Rationalizating Pure Functions on Kotlin


#1

Hi there!

The purpose of this thread is to discuss the degree to which we can/can’t write Pure Functions in Kotlin. For starters, this topic has been discussed before, and I understand that Kotlin does not enforce Pure Functions as a language feature. If I’m correct, this is mostly due to the fact that Kotlin and Java are “Pass by value of reference”.

At first, I thought this was a non issue because I’ve been hearing plenty of talk about “val” being a way to create “immutable data” (not necessarily from the Kotlin team, just on the interwebz). However, I’ve come to understand that val does not mean immutable, it means read only. So if I pass an argument to a function, even though it’s a val (which is always the case for function arguments), this only assures you that you can’t change the underlying object in the scope of the function itself.

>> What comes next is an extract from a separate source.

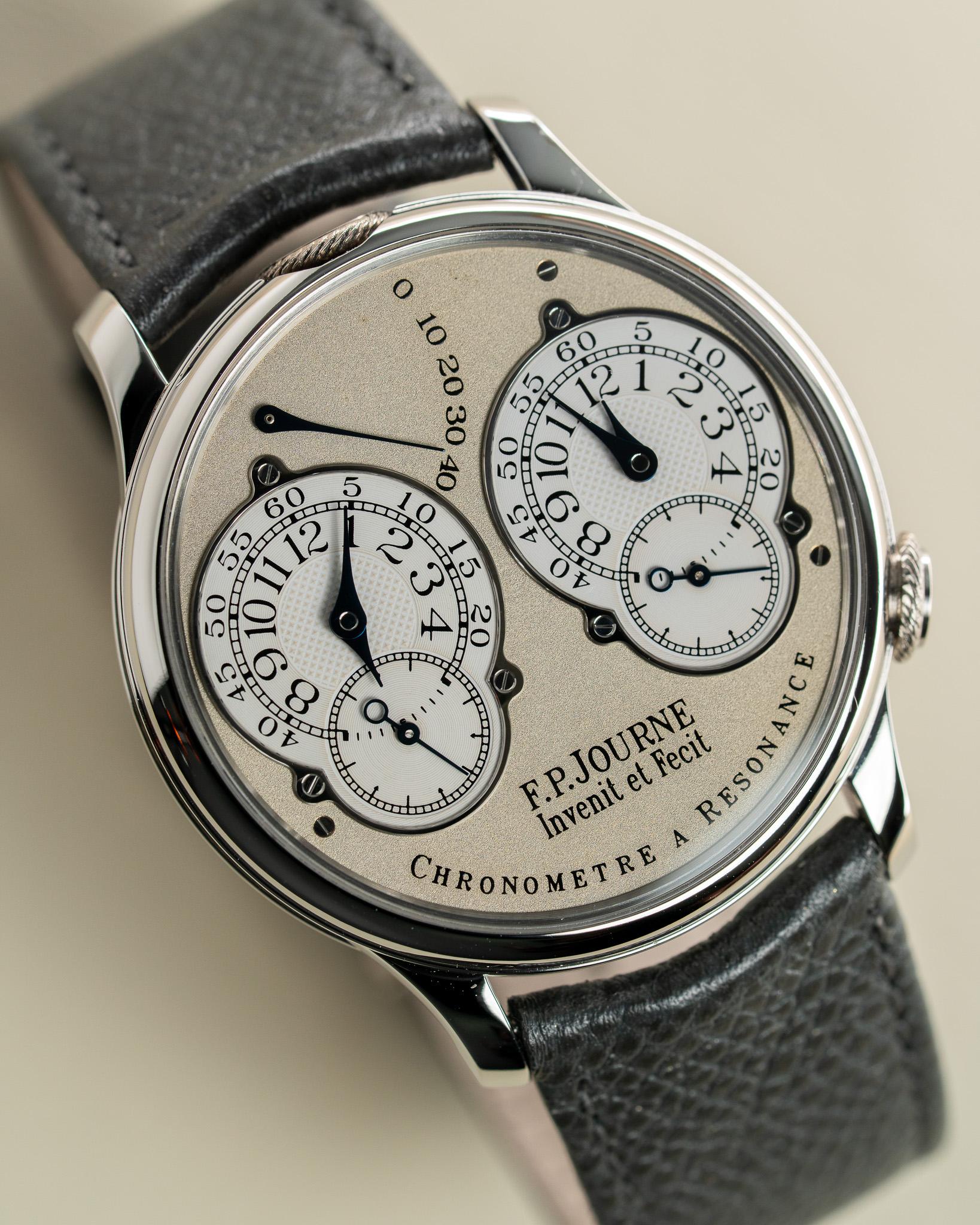 F.P. Journe Chronometre A Resonance 38 Shimmer Dial Brass Movement Platinum 04R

So, here’s the point I’m interested in discussing. If we look at a definition of a Pure Function as far as the Haskell community is concerned (I’m willing to assume that they probably know better than the average imperative programmer about this topic), it requires:

  1. Its return value is the same for the same arguments (no variation with local static variables, non-local variables, mutable reference arguments or input streams from I/O devices).

  2. Its evaluation has no side effects (no mutation of local static variables, non-local variables, mutable reference arguments or I/O streams).
    (source)

So, we could achieve these standards in the context of some “toy problem” where we don’t require any concurrency or data I/O, and there’s no possible way that a given mutable reference argument will ever change. This is typically the kind of code snippet I see when I read about people writing “Pure Functions” in Kotlin.

However, the moment any mutable reference to an argument exists outside of the scope of the function itself (which appears to be possible whenever working with var properties), the function is very not pure, at least by the above definition.

If the above reasoning is correct, then I get the following requirements for writing Pure Functions in Kotlin:

  1. If a given object can be verified to never have a mutable reference associated to it , in the context of the entire system, it can be regarded as truly immutable; therefore it could be used as an argument for a Pure Function (read: its immutable enough).
  2. One may not determine from a given function, whether or not it is pure, based on looking at it in isolation. This is because truly immutable arguments can be achieved, but are not enforced by the compiler.

Anyways, I’d like to affirm that I’m not here as a functional purist (I have an imperative upbringing myself), but I care very strongly about the fact that there might be a large number of people eagerly teaching beginners how to write what I’ll jokingly call “Contextually Pure Functions”, which appears to me as a major misunderstanding of the concept.

I’d be happy to hear any thoughts on this, including if my facts/reasoning are wrong at any point. Just trying to straighten some definitions out for myself, and possibly others by extension.

EDIT I’ve added a sample here to demonstrate my point that it’s possible to have a situation where unexpected state changes occur when concurrency is introduced. I’m admittedly trying to fail at concurrency and immutability, but my point is that it appears that you can’t determine if a function is pure in Kotlin, unless you look at it’s arguments in the context of the whole system.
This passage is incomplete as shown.